One good snack that I have found for diabetic friends is Dried Vegetables. They are a good source of vitamins, nutriens and fiber. Now, when it comes to Dried Vegetables snack, a simple search will yield thousands types of Dried vegetables. But for myself, I have narrowed it down to:
1) Dried Vegetables (fried)
Now just as it sounds, the fried word in the above subheading that scares me. Even if its fiber rich, nutrient rich vegetables, when it's fried, it means that some of its value has been lost. Then I have to worry about its fat content.
According to this livestrong article,
There are a number of different brands of dried vegetable chips, all with different ingredients. Nuts Online features a bulk dried vegetable chip that includes sweet potatoes, squash, carrots, green beans, taro and blue sweet potato. The chips are fried in non-hydrogenated canola oil and include added dextrin and salt. Dextrin is a type of carbohydrate that helps adhere the salt to the chip.
One serving of dried vegetable chips contains 6 grams of total fat and 1 gram of saturated fat.
Because the vegetable chips are made with non-hydrogenated canola oil, they have an overall low saturated fat content, which is 1 gram.
So, it means that if we do choose this type of dried vegetables, we have to make sure the type of oil used.
How about vacuum fried?
Well, as per description vegetables are fried in a vacuum, so in comparison with normal deep frying the temperature of the oil is lower. As a result, vacuum fried foods are crispy and maintain their bright colour. But, even though less oil, this type of dried veggies is still a result of frying and contain oil.
2) Dehydrated Vegetables
Next up, we have the better sounding dehydrated vegetables. These vegetables have its water content removed in the drying process, but it maintains most of its vitamins and minerals. The other advantage is dehydrated vegetables can last longer than fresh veggies and it is safe to eat. The only downside is that the dehydration process concentrates calorie and sugar content, so eating portion is very crucial.
Webmd.com also states this:
However, because dried food loses its water content, it’s usually smaller in size and has more calories by weight. Keep your portions of dehydrated foods smaller than what's recommended for the unprocessed food to avoid overeating.

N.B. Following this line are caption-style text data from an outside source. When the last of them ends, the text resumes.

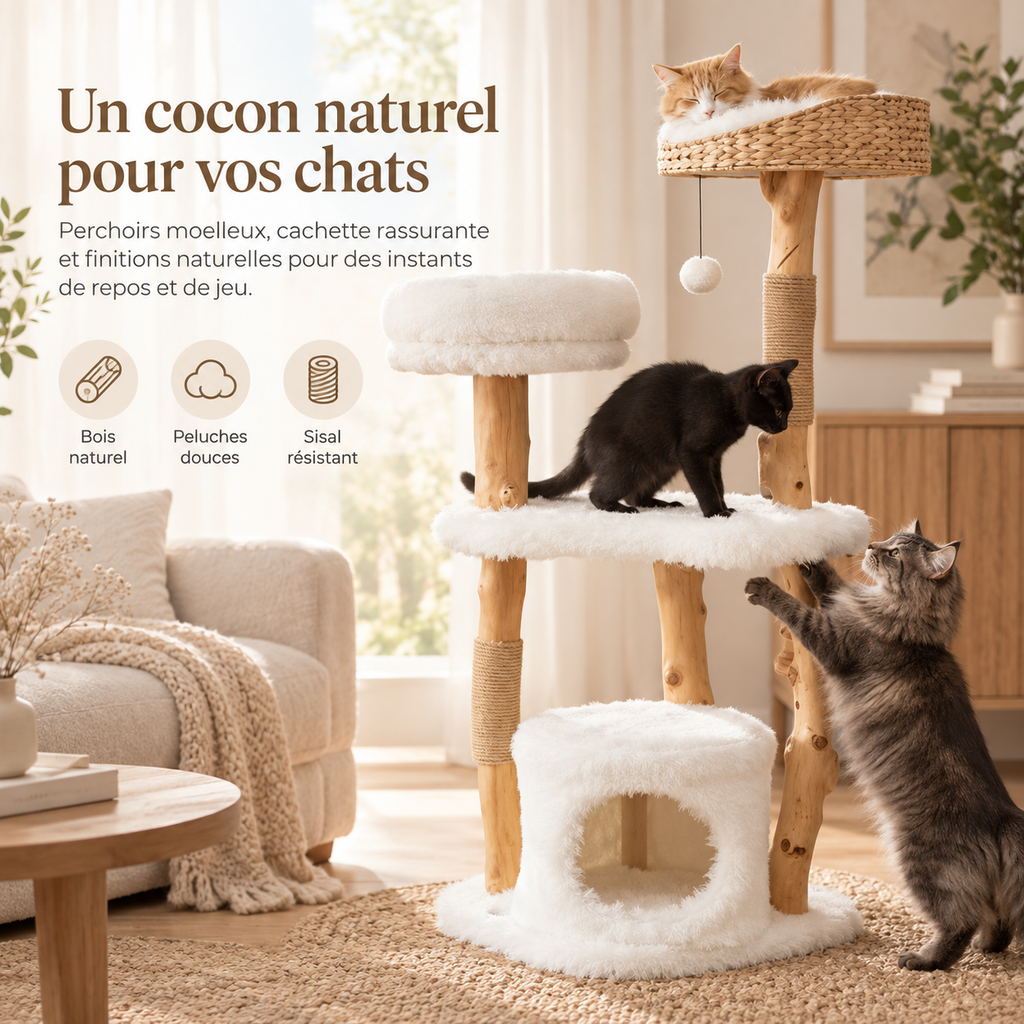 Arbre à chat en bois massif avec panier tressé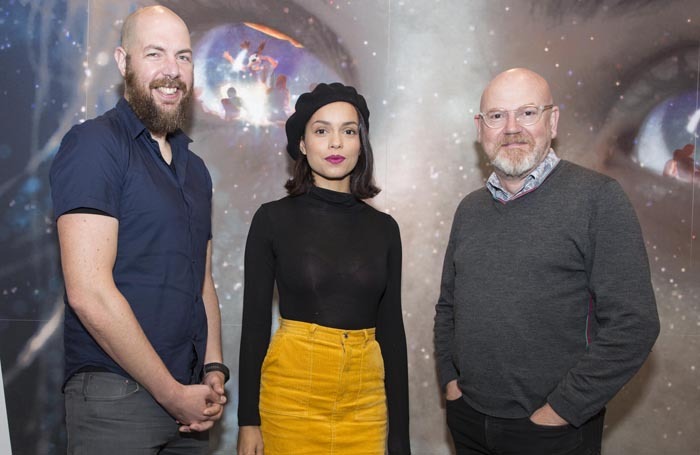 Royal Holloway professor James Bennett, supporter Georgina Campbell and Audience of the Future's Andrew Chitty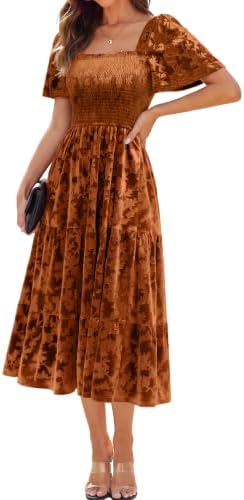 Square neck tiered velvet maxi in Earthy Orange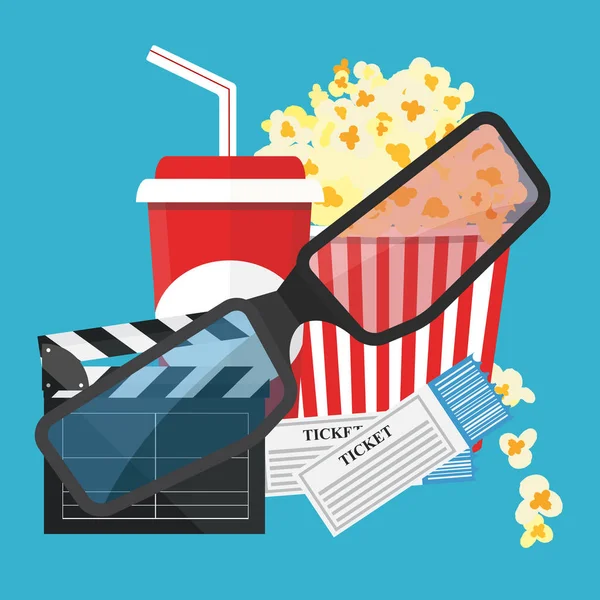 Vector illustration. Popcorn and drink. Film strip border. Cinema — Stock Vector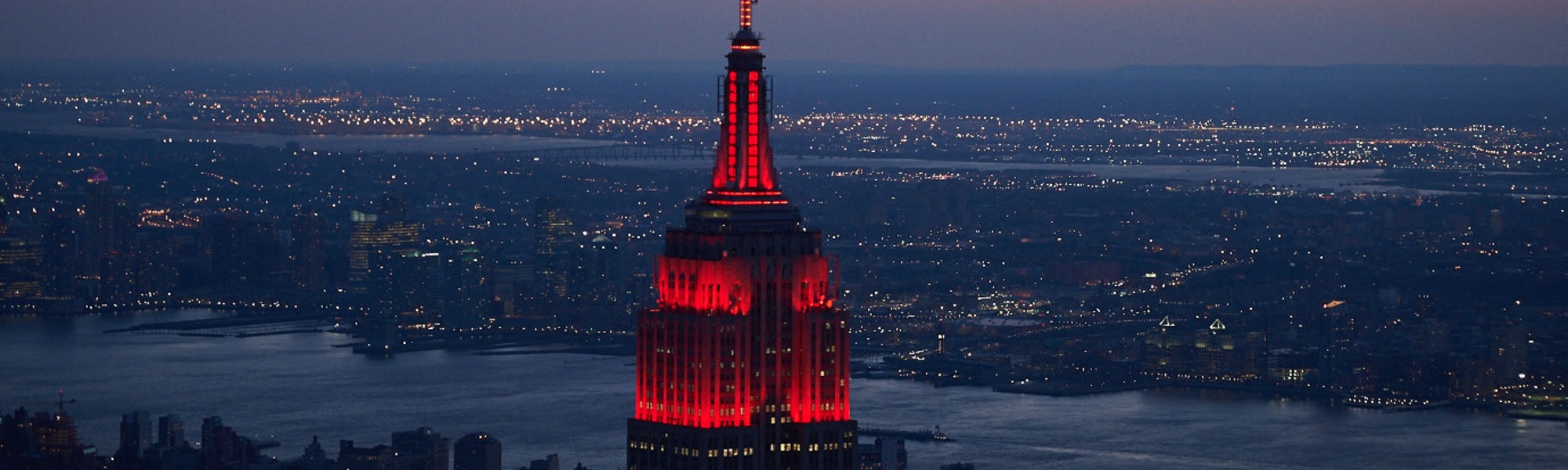 ESB lit in red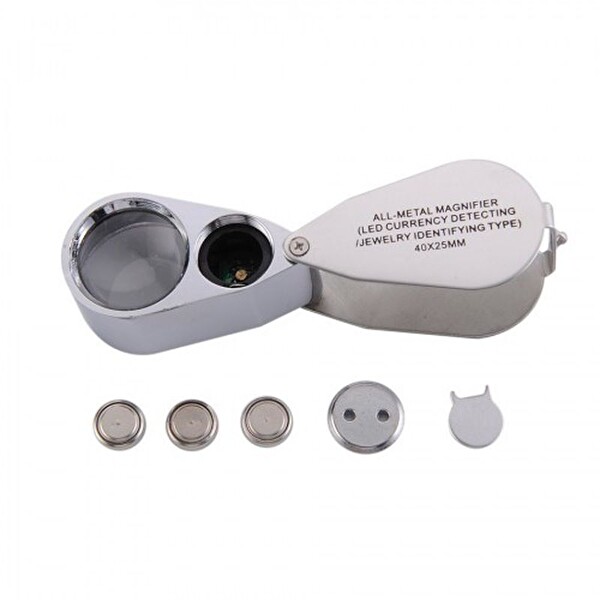 Evimdeyokyok Kontrol için Özel Kutulu Metal Işıklı Lup 40x25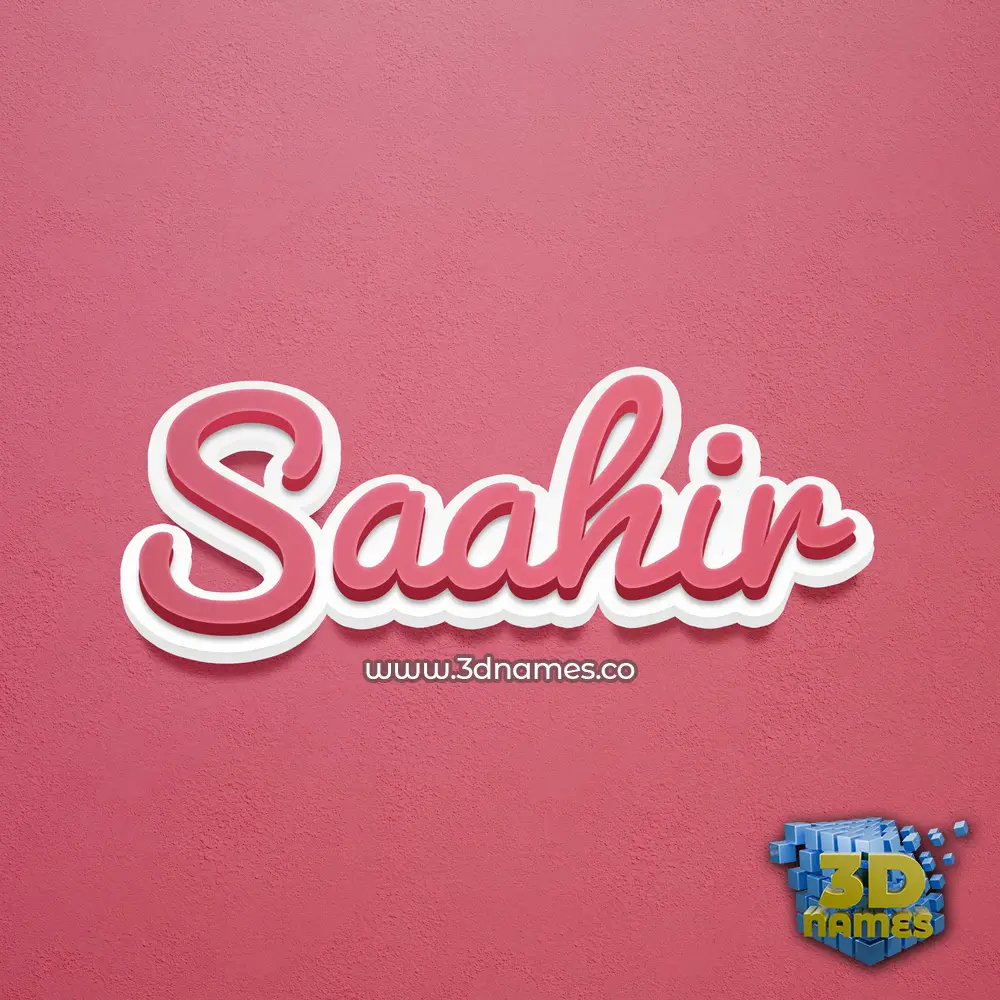 saahir in Red Scribble style - 3D name wallpaper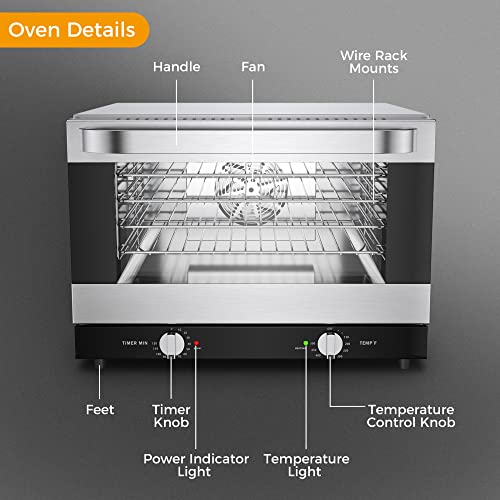 Pokytcox, 21L/23Qt Countertop Convection Oven, Commercial Toaster, 1440W Efficiency Heat,120V, Stainless Steel, Silver,3 Racks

3) Freeze dried Vegetables
This seems to be very popular lately. I have seen many veggie snacks boasting of how wonderful freeze dried is and its benefits. The biggest benefit is that with freeze dried process, there's no oil involved, it retains 90pc of its nutrients! From my experience, eating them is also a delight, crunchy, nice texture and not so strong in taste.
From healthline,
Freeze-drying is a form of dehydration that removes a product’s water content by turning it from ice to vapor. The three-step process preserves a product’s nutritional value, taste, and appearance while extending shelf life.